*Records from a data collection:*

--

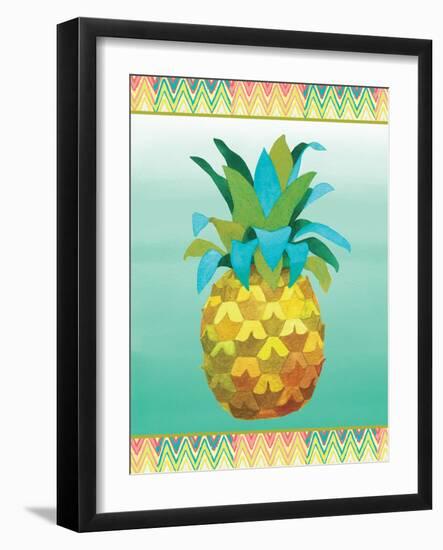 Island Time Pineapples VI-Beth Grove-Framed Art Print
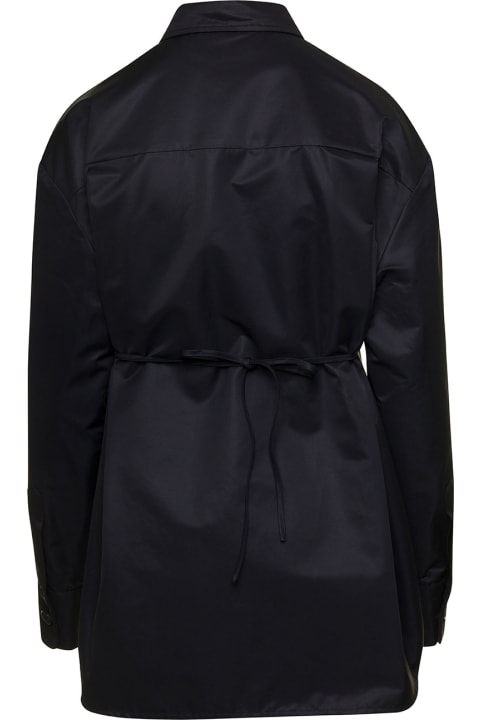ウィメンズ Douuodのトップス Douuod Black Long-sleeve Shirt With Tonal Buttons In Cotton Blend Woman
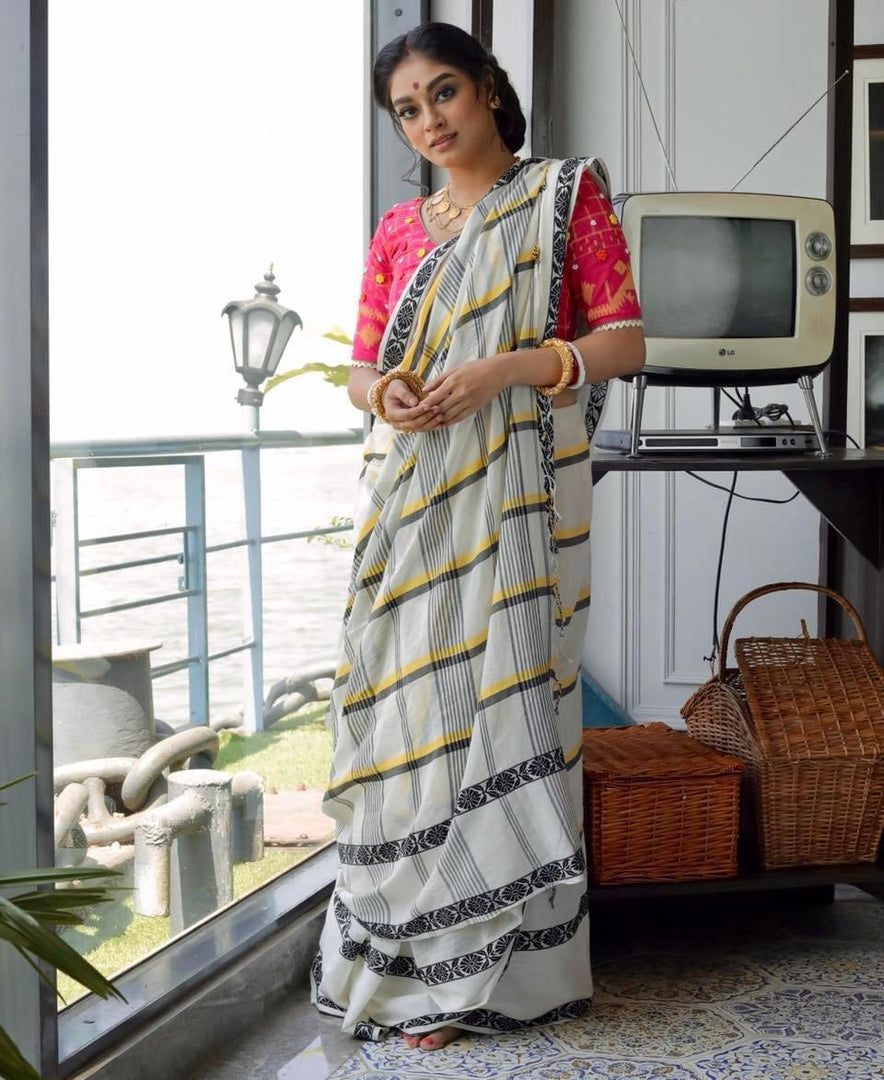 Saraswati - सरस्वती ( Khadi cotton sarees )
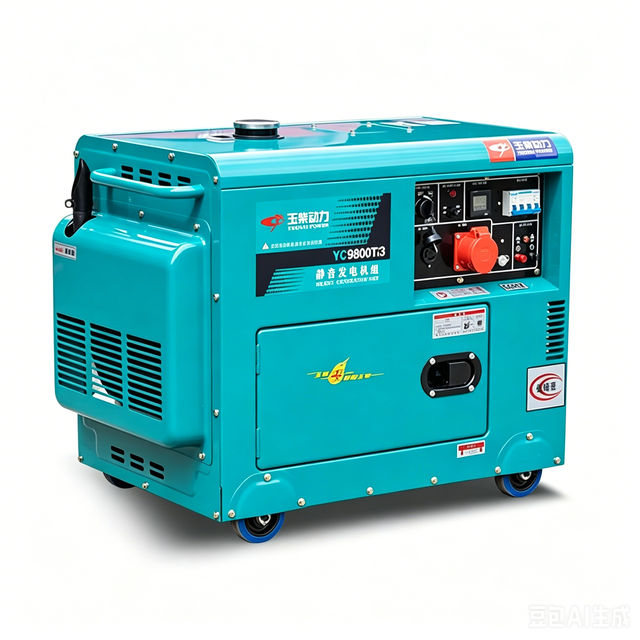 Silent Type Diesel Generator Set 5Kw 5Kva 5000W Three-phase Silent Diesel Engine Copper Coil Engine Core Small Diesel Generator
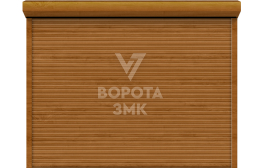 Роллетные ворота 2700×2000 для забора жалюзи ЗМК-9806
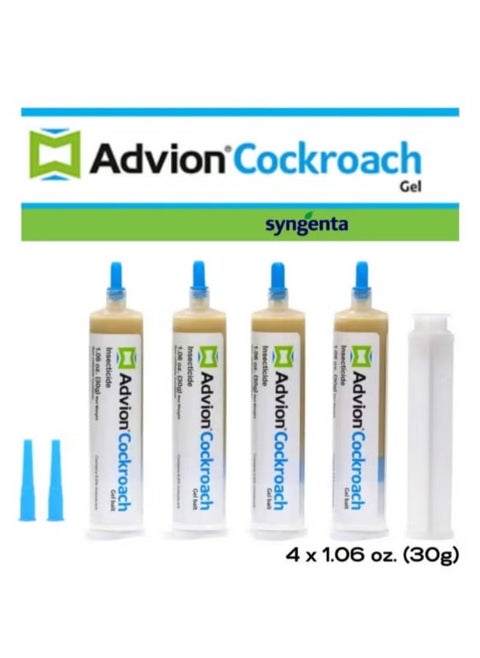 Advion Cockroach Gel Bait 4 x 30 g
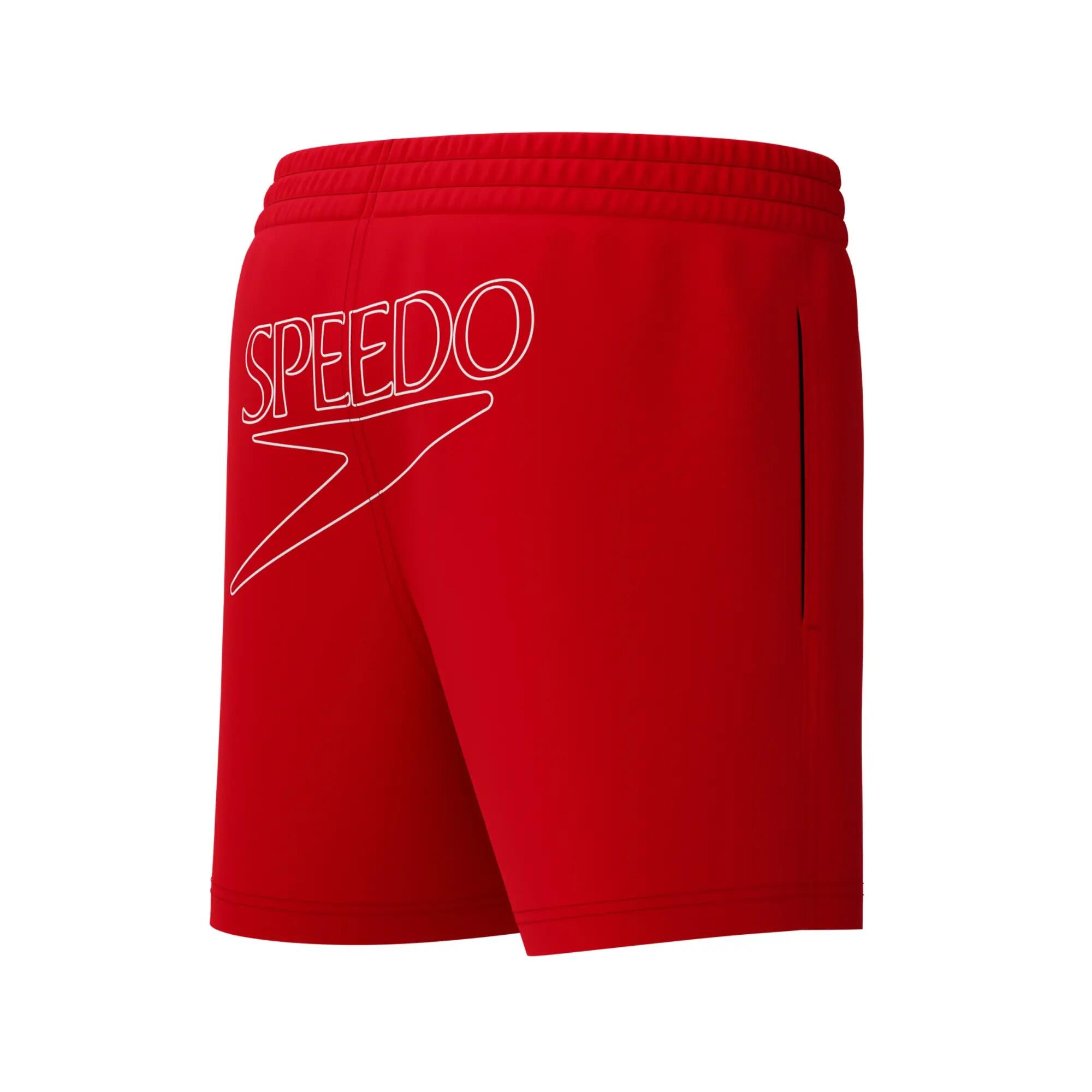 "Volley" Badeshorts für Herren Rot 3/7
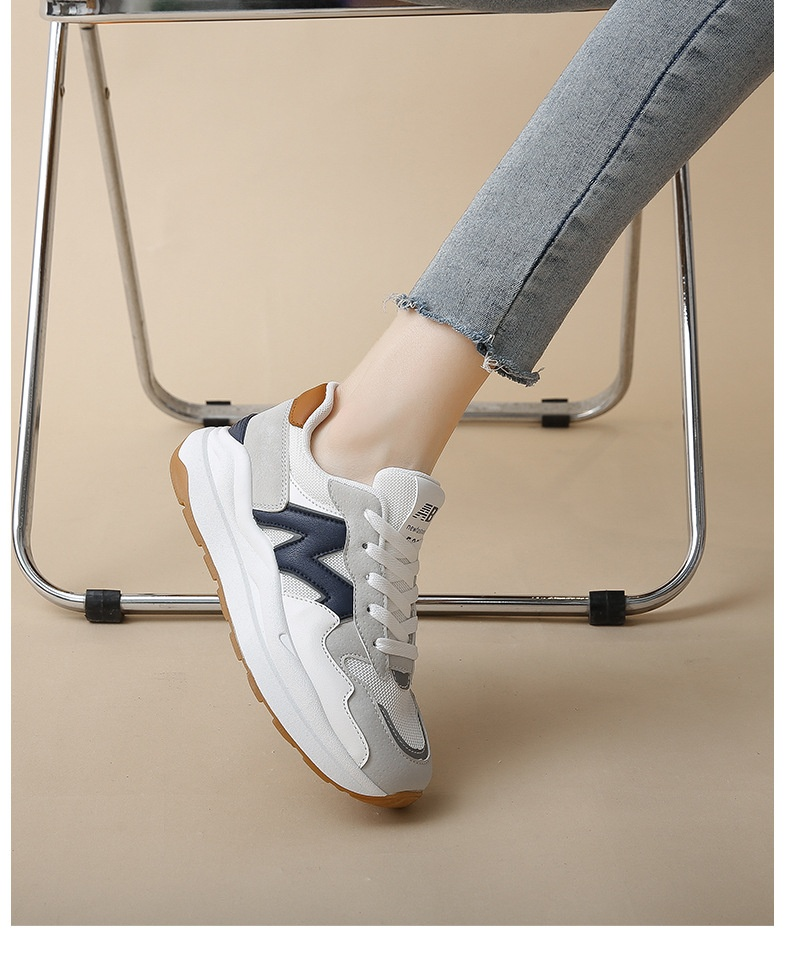 Pantofi sport și de alergare Forrest Gump cu talpă groasă, versiunea coreeană, primăvara/vara 2024, pentru studente, pantofi de zi cu zi pentru tătici_voghion.com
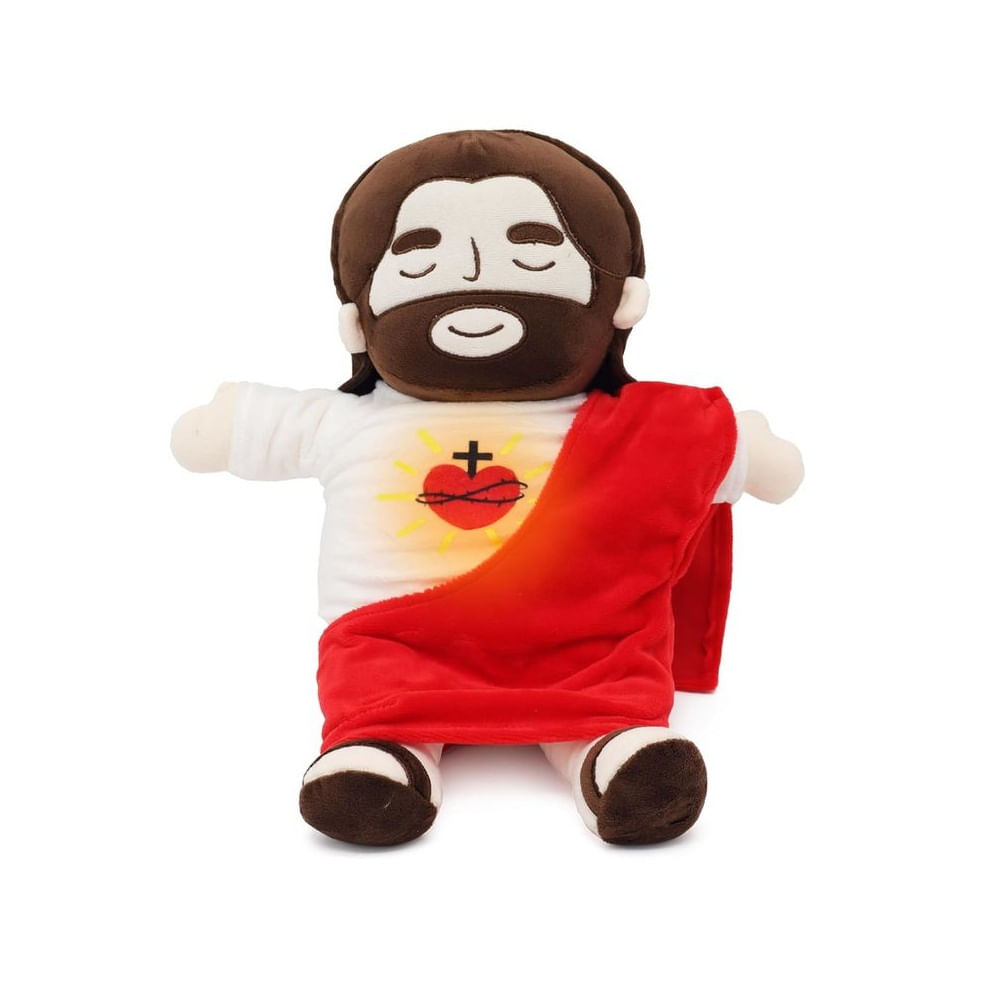 Peluche de Jesus que respira Sonidos Luces y Movimiento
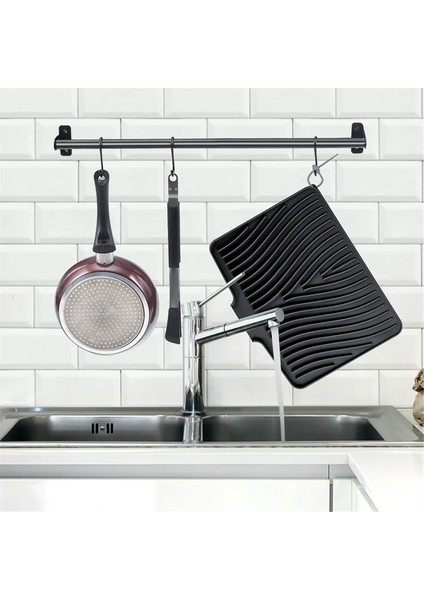 Mutfak Tezgahı Için Silikon Bulaşık Kurutma Paspası, Bulaşık Kurutma Pedi, Yerleşik Tahliye Kurutma Paspaslı Kaymaz Drenaj Pedi (Yurt Dışından) indirimleri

--

*TASK PROMPT:* Please output the records above exactly, without the pictures.

*RESULT FOR THIS EXERCISE:*
 Island Time Pineapples VI-Beth Grove-Framed Art Print
ウィメンズ Douuodのトップス Douuod Black Long-sleeve Shirt With Tonal Buttons In Cotton Blend Woman
 Saraswati - सरस्वती ( Khadi cotton sarees )
 Silent Type Diesel Generator Set 5Kw 5Kva 5000W Three-phase Silent Diesel Engine Copper Coil Engine Core Small Diesel Generator
 Роллетные ворота 2700×2000 для забора жалюзи ЗМК-9806
 Advion Cockroach Gel Bait 4 x 30 g
 "Volley" Badeshorts für Herren Rot 3/7
 Pantofi sport și de alergare Forrest Gump cu talpă groasă, versiunea coreeană, primăvara/vara 2024, pentru studente, pantofi de zi cu zi pentru tătici_voghion.com
 Peluche de Jesus que respira Sonidos Luces y Movimiento
 Mutfak Tezgahı Için Silikon Bulaşık Kurutma Paspası, Bulaşık Kurutma Pedi, Yerleşik Tahliye Kurutma Paspaslı Kaymaz Drenaj Pedi (Yurt Dışından) indirimleri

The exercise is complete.